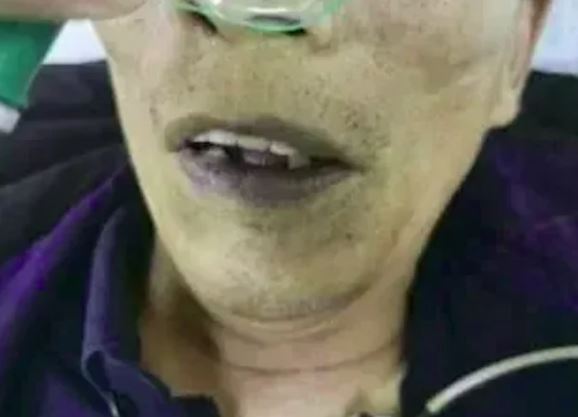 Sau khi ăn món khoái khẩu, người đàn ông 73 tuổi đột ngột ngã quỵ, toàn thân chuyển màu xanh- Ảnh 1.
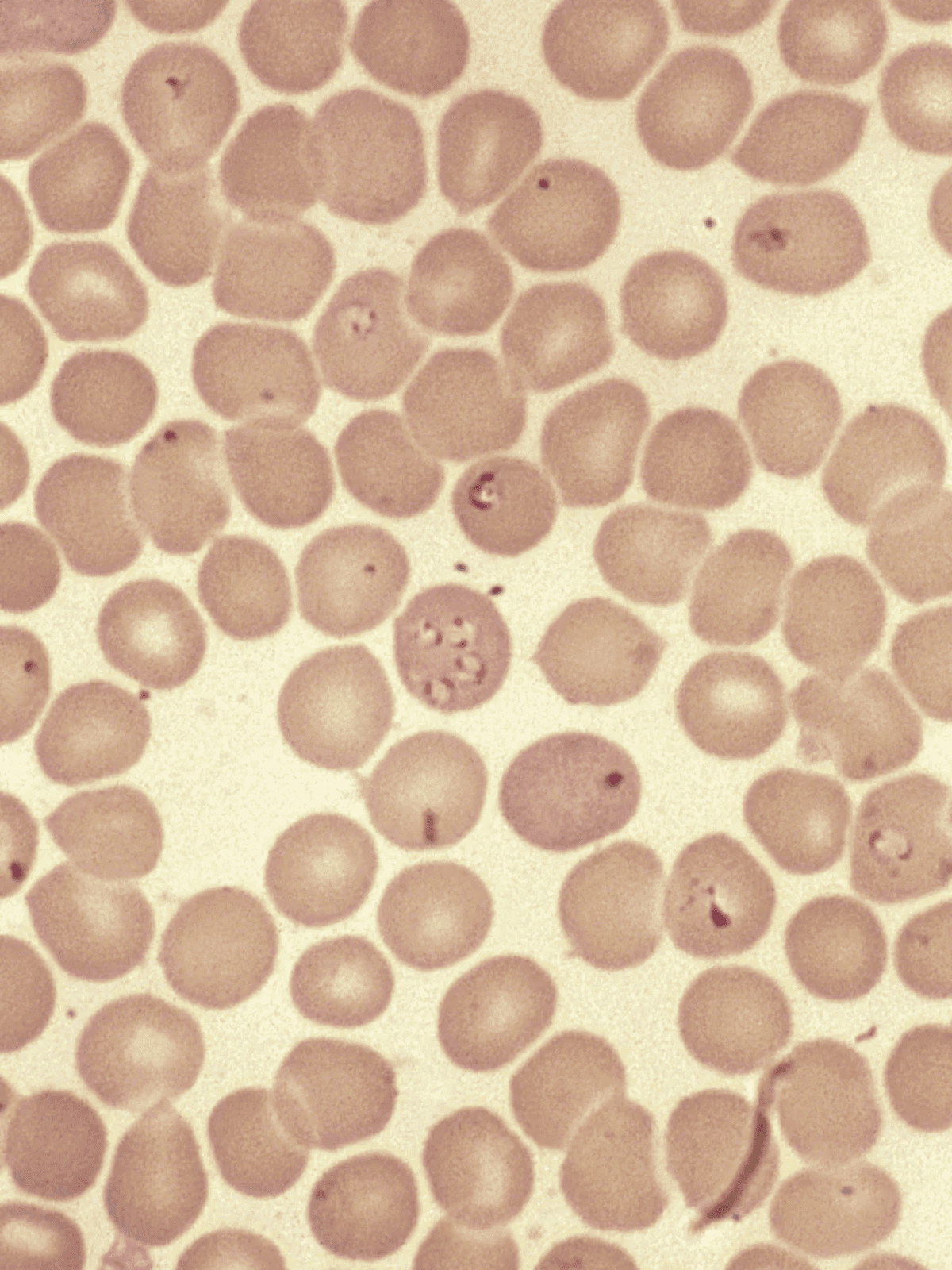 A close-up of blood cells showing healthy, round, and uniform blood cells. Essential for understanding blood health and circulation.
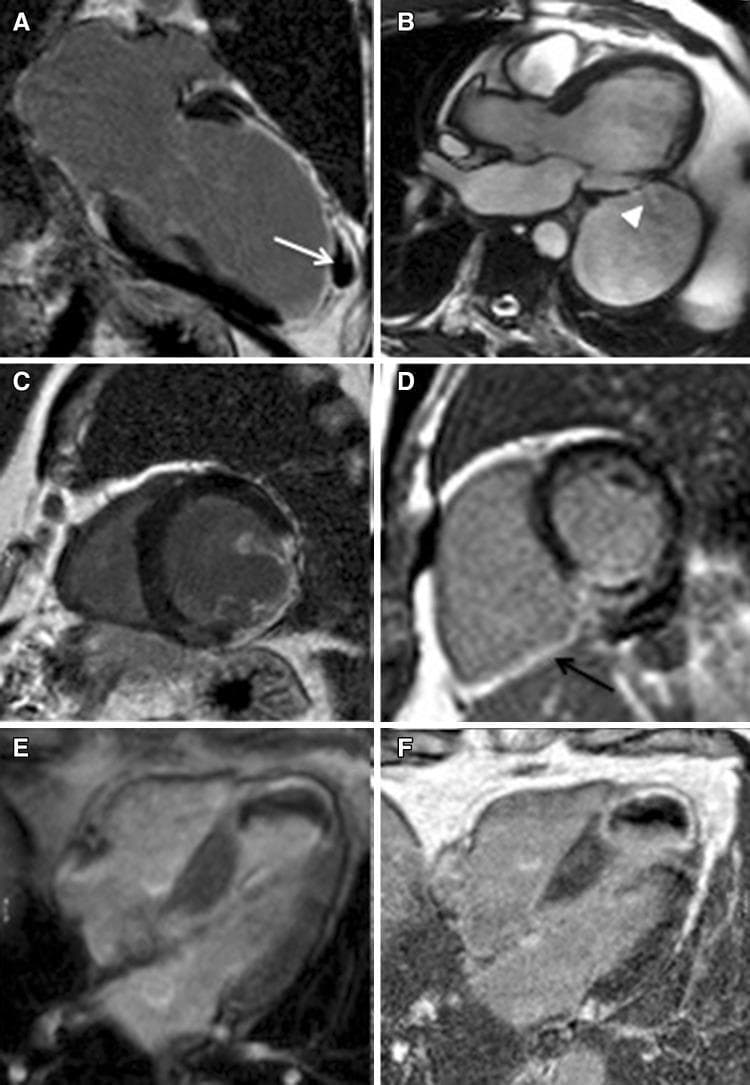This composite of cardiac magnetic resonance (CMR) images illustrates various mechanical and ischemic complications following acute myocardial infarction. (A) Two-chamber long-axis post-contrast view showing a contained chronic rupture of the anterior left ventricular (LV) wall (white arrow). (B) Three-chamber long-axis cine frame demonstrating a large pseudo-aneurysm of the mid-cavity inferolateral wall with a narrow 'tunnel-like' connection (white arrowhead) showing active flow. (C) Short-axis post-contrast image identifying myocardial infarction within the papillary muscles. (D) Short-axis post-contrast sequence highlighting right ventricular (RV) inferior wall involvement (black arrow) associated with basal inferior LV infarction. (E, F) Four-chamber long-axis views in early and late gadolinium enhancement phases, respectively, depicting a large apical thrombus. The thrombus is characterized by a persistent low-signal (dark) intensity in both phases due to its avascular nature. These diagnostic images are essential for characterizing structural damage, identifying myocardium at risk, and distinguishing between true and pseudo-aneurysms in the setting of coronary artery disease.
________________
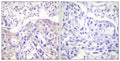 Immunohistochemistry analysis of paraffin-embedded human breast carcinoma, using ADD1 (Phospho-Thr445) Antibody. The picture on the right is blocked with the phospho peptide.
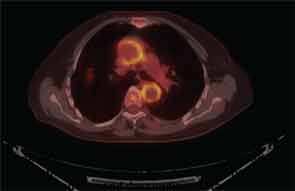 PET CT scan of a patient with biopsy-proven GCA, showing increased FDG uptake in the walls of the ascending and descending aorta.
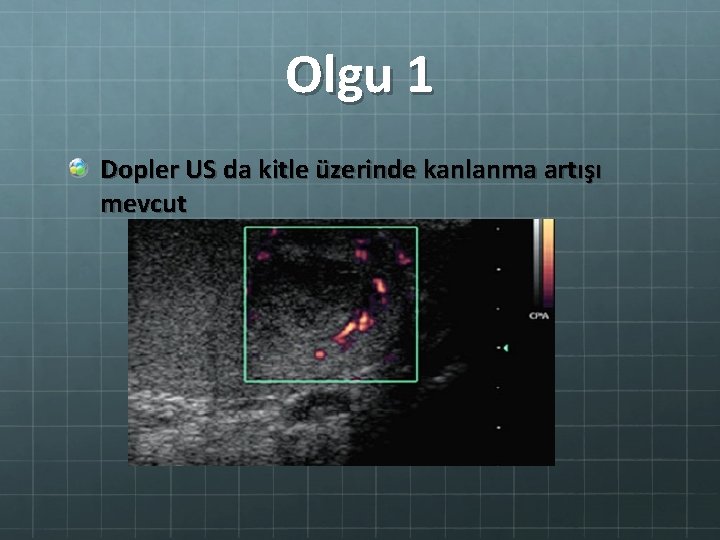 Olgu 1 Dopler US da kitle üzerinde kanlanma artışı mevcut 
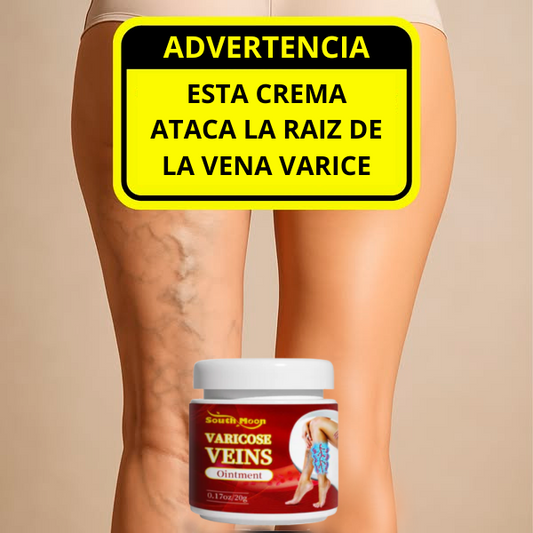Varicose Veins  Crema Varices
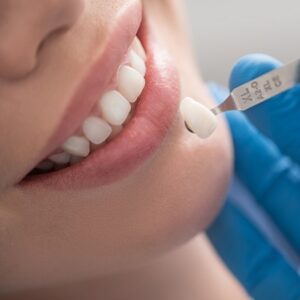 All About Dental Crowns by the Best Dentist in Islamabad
________________
Look above for the line with "Sau khi ăn món"; quote it and every line after it, stopping after the line with "A close-up of", exactly, with nothing added and without pictures.

 Sau khi ăn món khoái khẩu, người đàn ông 73 tuổi đột ngột ngã quỵ, toàn thân chuyển màu xanh- Ảnh 1.
 A close-up of blood cells showing healthy, round, and uniform blood cells. Essential for understanding blood health and circulation.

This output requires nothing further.